La crise de la balance des paiements de l’été 1991 a forcé le
gouvernement à changer de stratégie. Sous l’influence de l’économiste Manmohan Singh
(alors ministre des Finances), nombre des restrictions au commerce extérieur ont
été peu à peu réduites ou abolies. La liste des produits sujets à des interdictions
d’exportation est passée de 185 articles en 1991 à 16 en 1992. Le droit de douane
nominal moyen est passé de 90% en 1990 à 55% en 1992 et à 15% aujourd’hui. En conséquence,
la part du commerce extérieur dans le PIB du pays est passée de 10% en 1980 à environ
23% aujourd’hui [2].
Ces réformes ont été abondamment critiquées par les militants
anticapitalistes et par les intellectuels hostiles au libre échange. En particulier,
les critiques ont reproché aux réformes d’être à l’origine de l’appauvrissement
des populations les plus fragiles, notamment dans les campagnes. Les producteurs
locaux auraient été plongés dans la misère par la concurrence des firmes étrangères
plus expérimentées. La militante des droits de l’homme Smita Narula va même jusqu’à
attribuer aux réformes de libéralisation l’origine des récentes vagues de suicide
parmi les fermiers indiens [3].
Une récente étude de J. Salcedo Cain, Rana Hasan et Devashish
Mitra[4] montre que le lien entre l’ouverture commerciale et l’aggravation de la
pauvreté est largement fictif. Dans leur article, intitulé« Trade liberalization
and poverty reduction, new evidence from Indian States », les auteurs affirment
qu’en réalité, les états indiens les plus exposés à l’ouverture commerciale ont
connu une réduction plus rapide de la pauvreté absolue (mesurée par la proportion
d’individus dans la population vivant avec un niveau de consommation insuffisant
pour assurer une ration journalière de 2000 kilo calories). Les données, extraites
du National Sample Survey (NSS), révèlent que l’ampleur de l’effet positif est significative
: « en moyenne, chaque baisse d’un point de pourcentage du taux de droit de douane
pondéré est accompagnée d’une réduction de la pauvreté de 0,57%, ce qui implique
que 38% de la réduction de la pauvreté durant la période 1987-2004 peut être attribué
à l’exposition au commerce mondial » (p. 7)Autrement dit, l’ouverture à l’économie
mondiale aurait fait émerger de la pauvreté plus de vingt millions d’Indiens.

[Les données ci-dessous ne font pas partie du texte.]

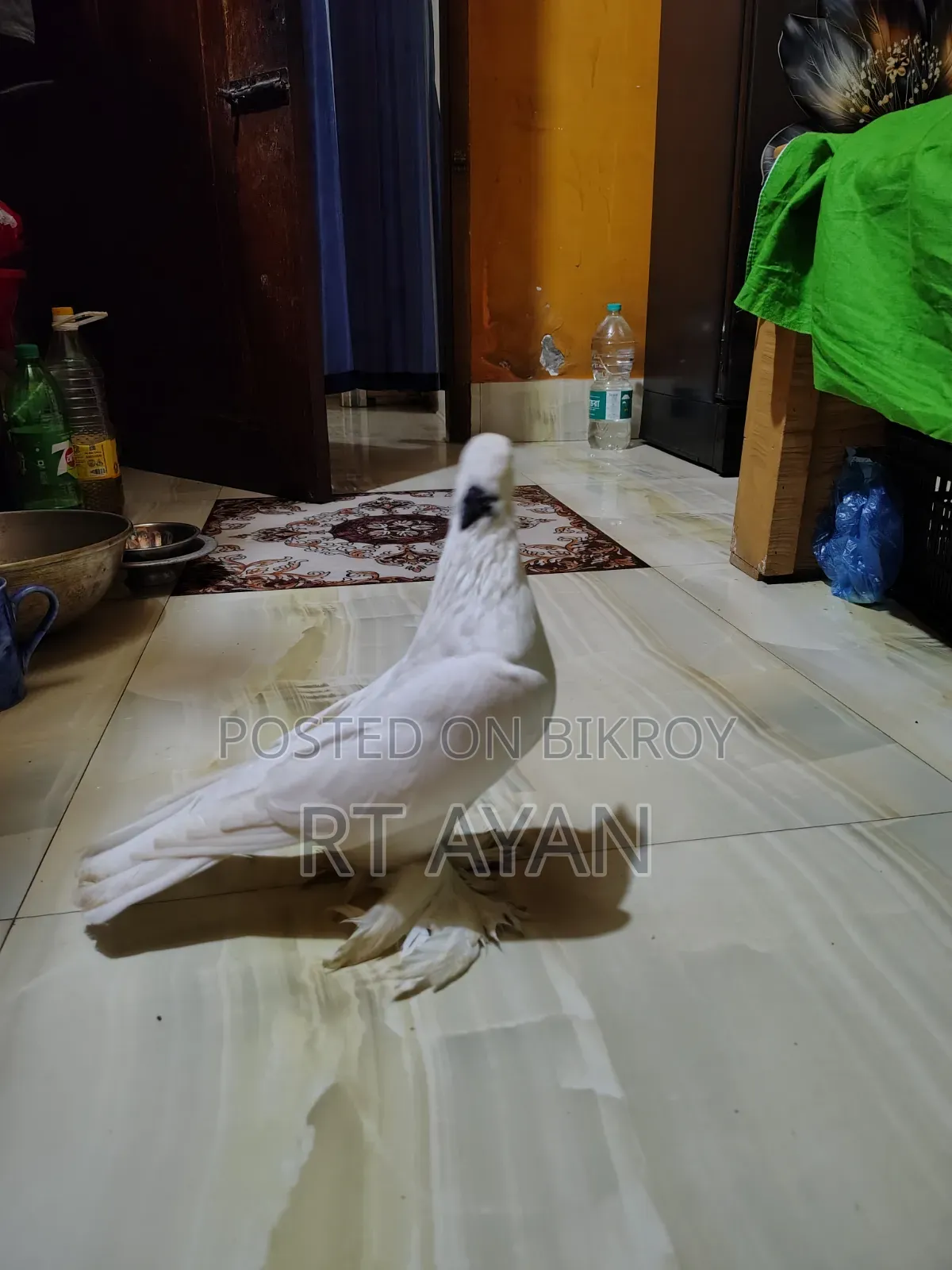 কবুতর বিক্রি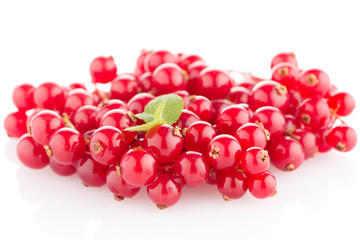 Red Currant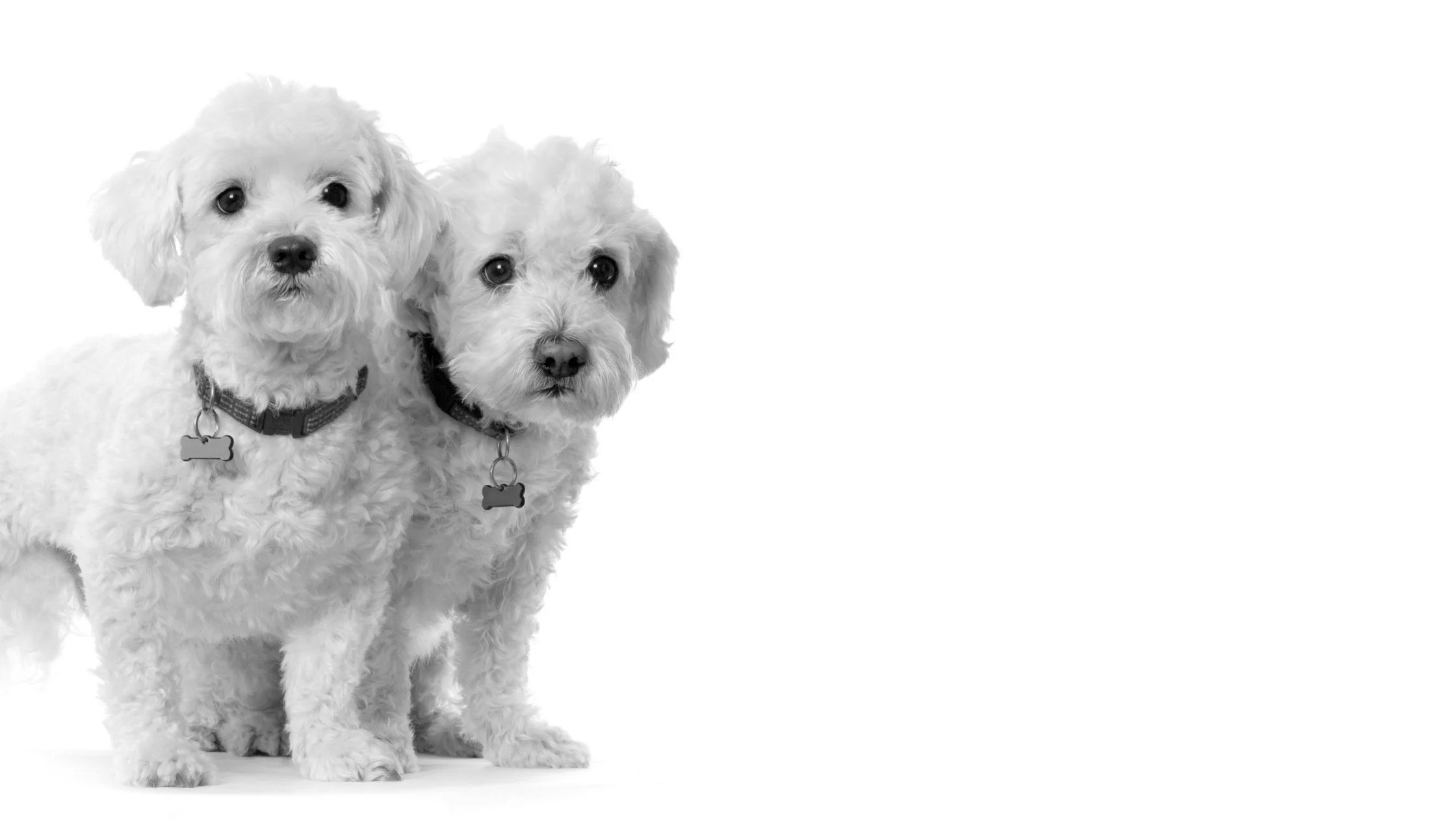 dog clones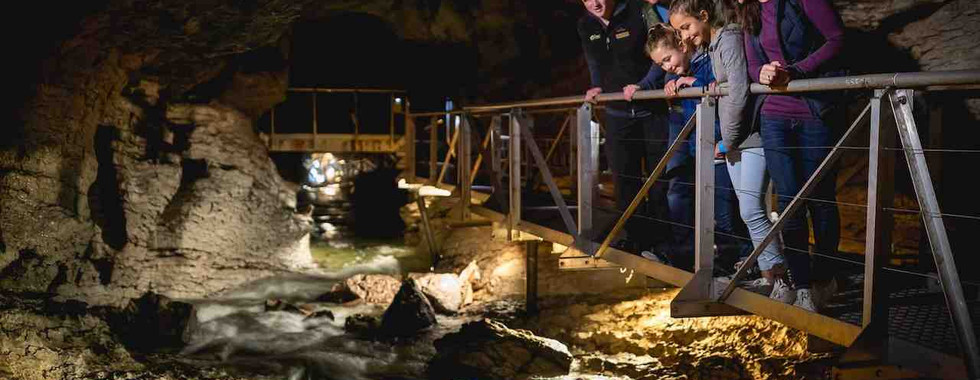 Te Anau Glowworm Caves, Luxe Tours NZ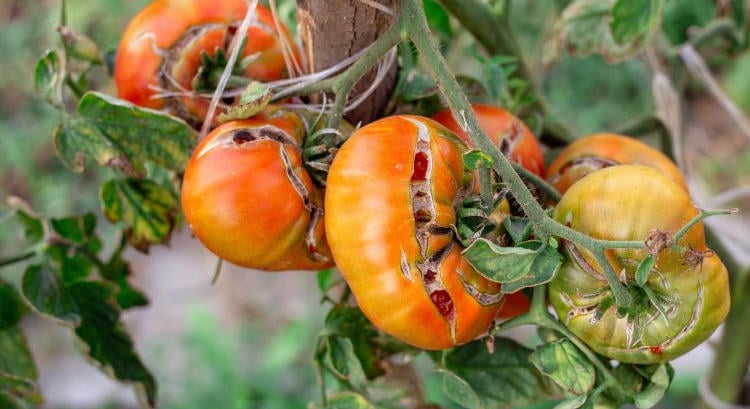 Már a tünetek előtt felismerhető a növénybetegség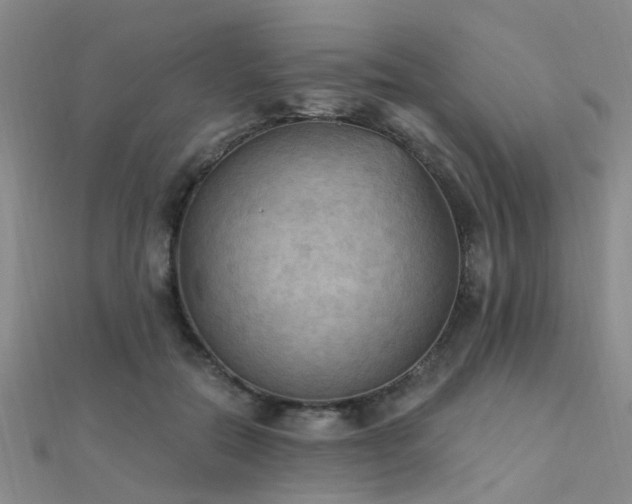 X0000112350554200908131430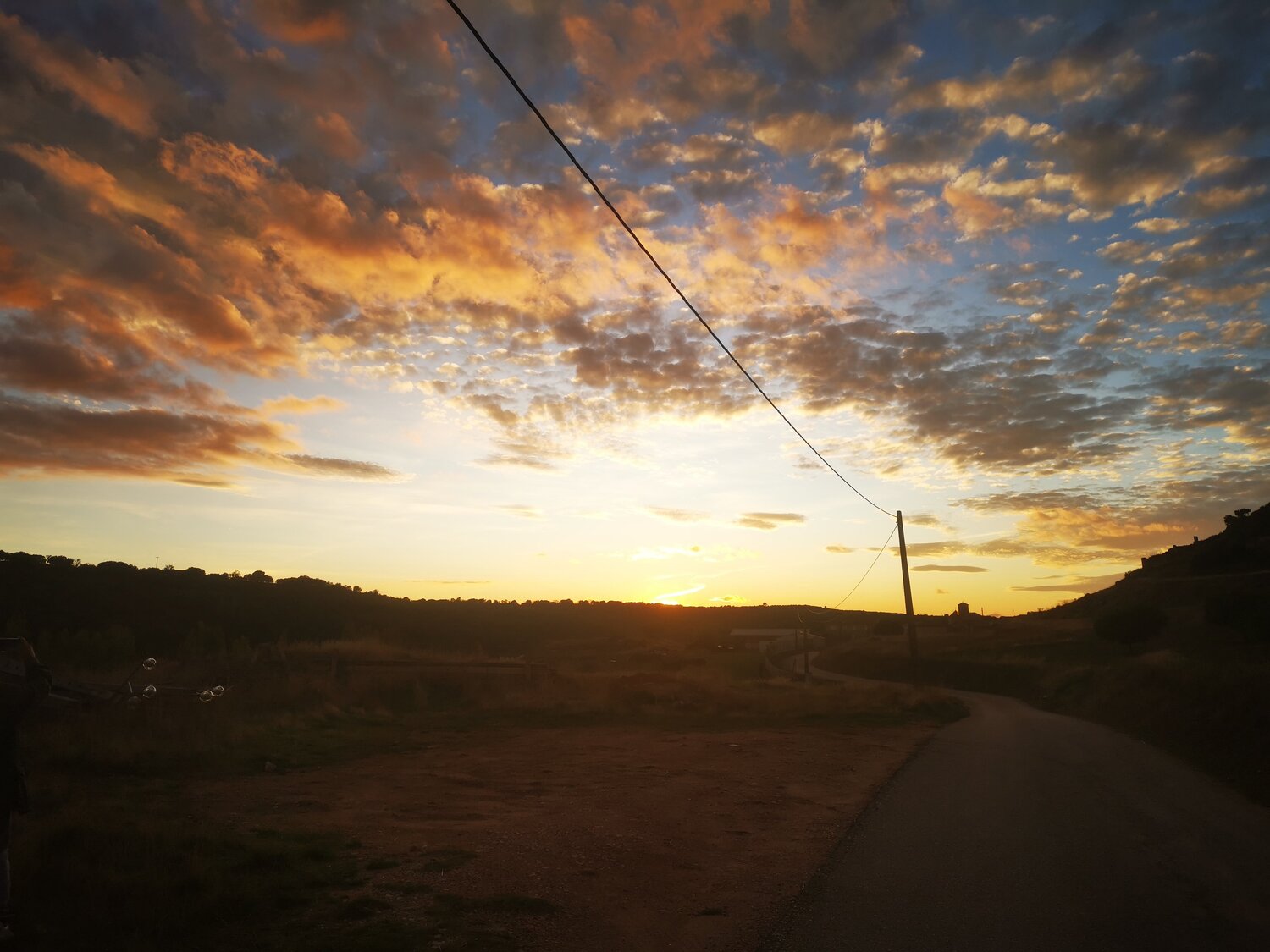 Photo #3785491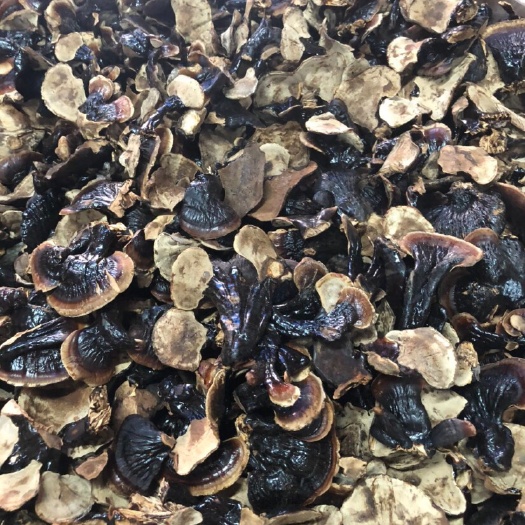 广州山东小金边灵芝
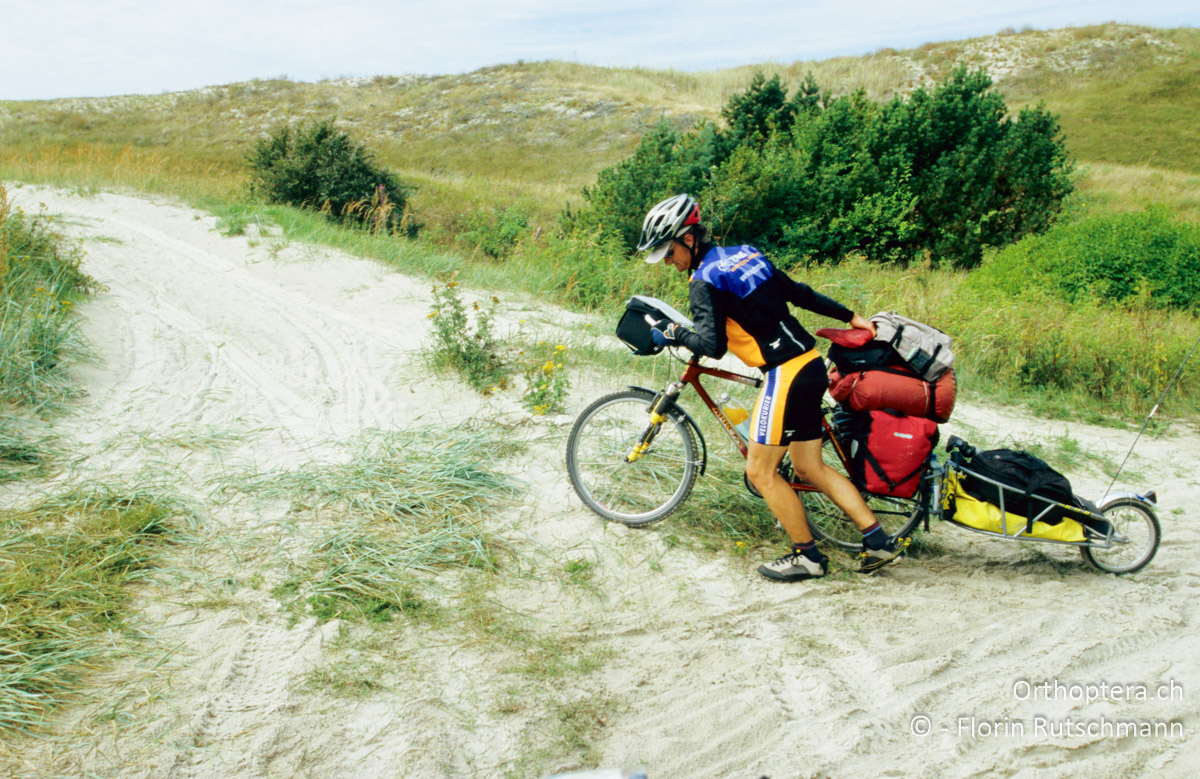 30.08.2004 Aber nicht immer ist der Fahrradweg auf der Kurischen Nehrung eine so plane Piste. Litauen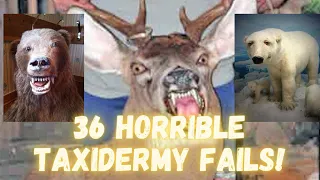 Hilarious Bad taxidermy mounts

Il
existe peu de programmes de protection sociale pouvant prétendre à de tels résultats.
Pourquoi l’ouverture commerciale s’est-elle traduite par une
réduction de la pauvreté ?
Une première explication de ce phénomène a trait à ce que la théorie standard du commerce international appelle le « théorème de Stolper-Samuelson ». Ce théorème énonce que lorsqu’un pays s’ouvre au commerce, les détenteurs du facteur de production utilisé de façon intensive dans le processus de fabrication du bien dans lequel le pays se spécialise voient leur rémunération réelle augmenter. L’Inde, abondamment dotée en travail peu qualifié, doit se spécialiser dans la production de biens dont la fabrication requiert davantage de cet intrant. Le théorème de Stolper-Samuelson prédit donc que la rémunération (le salaire réel) des travailleurs indiens peu qualifiés (bien souvent les plus pauvres) doit augmenter avec l’ouverture au commerce.
Une deuxième explication concerne le lien étroit qui existe entre
ouverture commerciale, croissance, et réduction de la pauvreté. Ici, l’argument
établit que l’ouverture commerciale génère de la croissance économique ; et qu’en
retour, la croissance économique conduit à une réduction de la pauvreté absolue.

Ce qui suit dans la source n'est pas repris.